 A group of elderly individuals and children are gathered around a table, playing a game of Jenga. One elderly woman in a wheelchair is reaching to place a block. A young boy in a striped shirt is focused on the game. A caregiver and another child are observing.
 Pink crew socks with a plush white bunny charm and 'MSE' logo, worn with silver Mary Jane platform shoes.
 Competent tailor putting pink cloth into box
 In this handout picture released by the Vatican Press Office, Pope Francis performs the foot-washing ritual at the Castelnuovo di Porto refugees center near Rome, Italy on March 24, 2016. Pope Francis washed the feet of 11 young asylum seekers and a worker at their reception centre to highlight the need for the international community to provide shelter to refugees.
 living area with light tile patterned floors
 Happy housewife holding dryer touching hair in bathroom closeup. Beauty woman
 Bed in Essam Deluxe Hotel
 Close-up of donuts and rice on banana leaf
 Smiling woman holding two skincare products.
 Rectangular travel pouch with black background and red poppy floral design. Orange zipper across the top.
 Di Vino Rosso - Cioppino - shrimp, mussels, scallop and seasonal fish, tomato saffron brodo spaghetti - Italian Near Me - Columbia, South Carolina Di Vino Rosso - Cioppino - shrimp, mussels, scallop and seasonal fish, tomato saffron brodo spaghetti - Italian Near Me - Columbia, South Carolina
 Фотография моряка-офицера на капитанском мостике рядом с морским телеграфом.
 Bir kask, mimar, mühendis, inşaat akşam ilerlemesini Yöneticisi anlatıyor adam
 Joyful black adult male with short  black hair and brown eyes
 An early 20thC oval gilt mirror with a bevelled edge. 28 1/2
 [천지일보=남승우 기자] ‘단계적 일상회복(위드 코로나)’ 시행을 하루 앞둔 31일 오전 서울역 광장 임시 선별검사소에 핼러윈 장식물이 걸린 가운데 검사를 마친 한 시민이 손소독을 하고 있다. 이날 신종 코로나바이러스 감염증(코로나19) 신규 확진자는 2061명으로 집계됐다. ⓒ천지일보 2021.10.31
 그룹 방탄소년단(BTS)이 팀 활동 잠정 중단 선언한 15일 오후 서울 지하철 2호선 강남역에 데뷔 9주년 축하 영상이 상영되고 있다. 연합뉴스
════════════════
** WORK REQUIRED **
The required answer is the exact run of lines above starting at the line with "Competent tailor putting pink cloth into box" and ending at the line with "Close-up of donuts and rice on banana leaf", with both ends present.

** ANSWER TO THIS TASK **
 Competent tailor putting pink cloth into box
 In this handout picture released by the Vatican Press Office, Pope Francis performs the foot-washing ritual at the Castelnuovo di Porto refugees center near Rome, Italy on March 24, 2016. Pope Francis washed the feet of 11 young asylum seekers and a worker at their reception centre to highlight the need for the international community to provide shelter to refugees.
 living area with light tile patterned floors
 Happy housewife holding dryer touching hair in bathroom closeup. Beauty woman
 Bed in Essam Deluxe Hotel
 Close-up of donuts and rice on banana leaf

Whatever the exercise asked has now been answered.